Mantuvieron durante ocho años la relación que ese día nació, periodo en el que Dyer fue el principal modelo para las pinturas del irlandés. En ese tiempo pintó algunas de sus obras más conocidas.
Entre las pinturas más destacadas están “Georges Dyer en un espejo” 1968.
O “Retrato de Georges Dyer hablando” 1966, que en 2014 se subastó por 36 millones de euros.
Fueron años intensos, inestables, imprevisibles y de dependencia emocional, lo que se nota en los cuadros de esa época: sexo, muerte y dolor combinados en las mismas pinturas desgarradoras.
Llegó 1971, en la víspera de la inauguración de otra exposición, Francis Bacon volvió a sorprender a Dyer ahora en el baño de un hotel de París; inerte. Logró quitarse la vida ingiriendo una desmesurada cantidad de pastillas para dormir y alcohol dos días antes de la inauguración de la exhibición.
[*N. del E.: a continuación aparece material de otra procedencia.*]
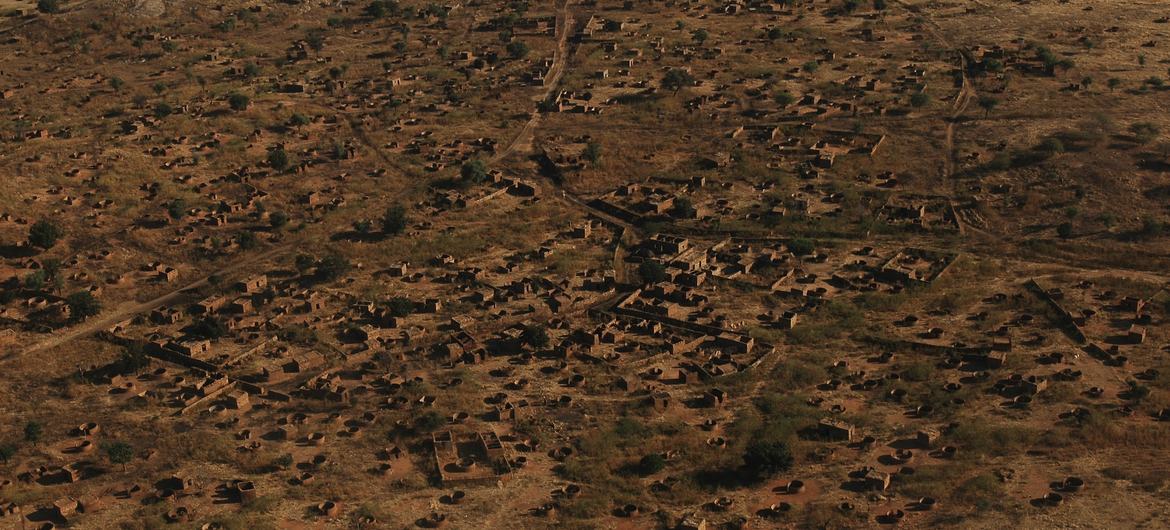 An aerial view of charred terrain and burnt-out structures in a village located between the cities of Nyala (capital of South Darfur) and El Geneina (capital of West Darfur). Hundreds of villages were attacked, looted and destroyed. (2004 photo)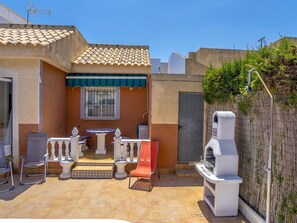 Sky, Plant, Shade, Interior Design, Chair, Building, Window, Wall, Floor, Leisure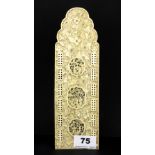 A 19th century Chinese carved ivory cribbage board, 24 x 7.5cm.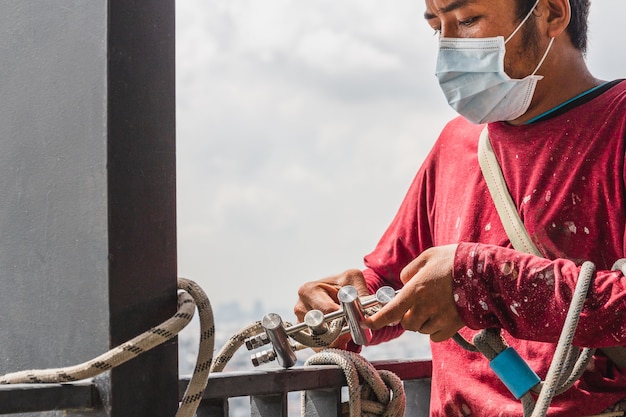 Construction workers holding steel hooks connecting with rope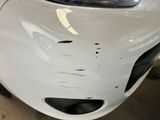 a white car that has been dented and is in a garage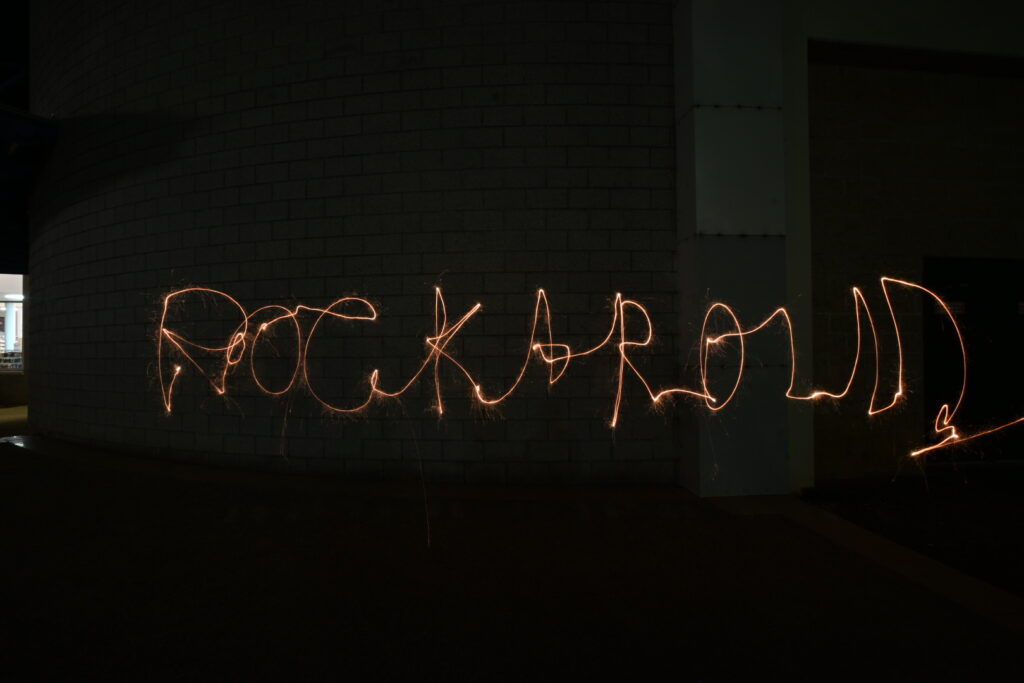 Long-exposure photo of sparkler light-painting spelling "rock and roll" in gestural orange light against a dark brick wall at night.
George Dyer sufría depresiones constantes y había intentado suicidarse en varias ocasiones antes de esa noche.
Después de su suicido y hasta 1974, Dyer siguió siendo el modelo de Bacon; hasta que conoció a John Edwards.
¿Qué habrá pensado la primera vez que Dyer vio uno de los cuadros de su amante para los que había posado y tal vez había inspirado? ¿Qué habrá cruzado en su mente al verse monstruosamente deformado?, ¿habrá visto algo de él que ya intuía en ese abismo de colores que eran las obras de Francis Bacon?
Esas representaciones grotescas pueden demostrar que del amor al odio no hay ningún paso, como suele decirse, sino arte.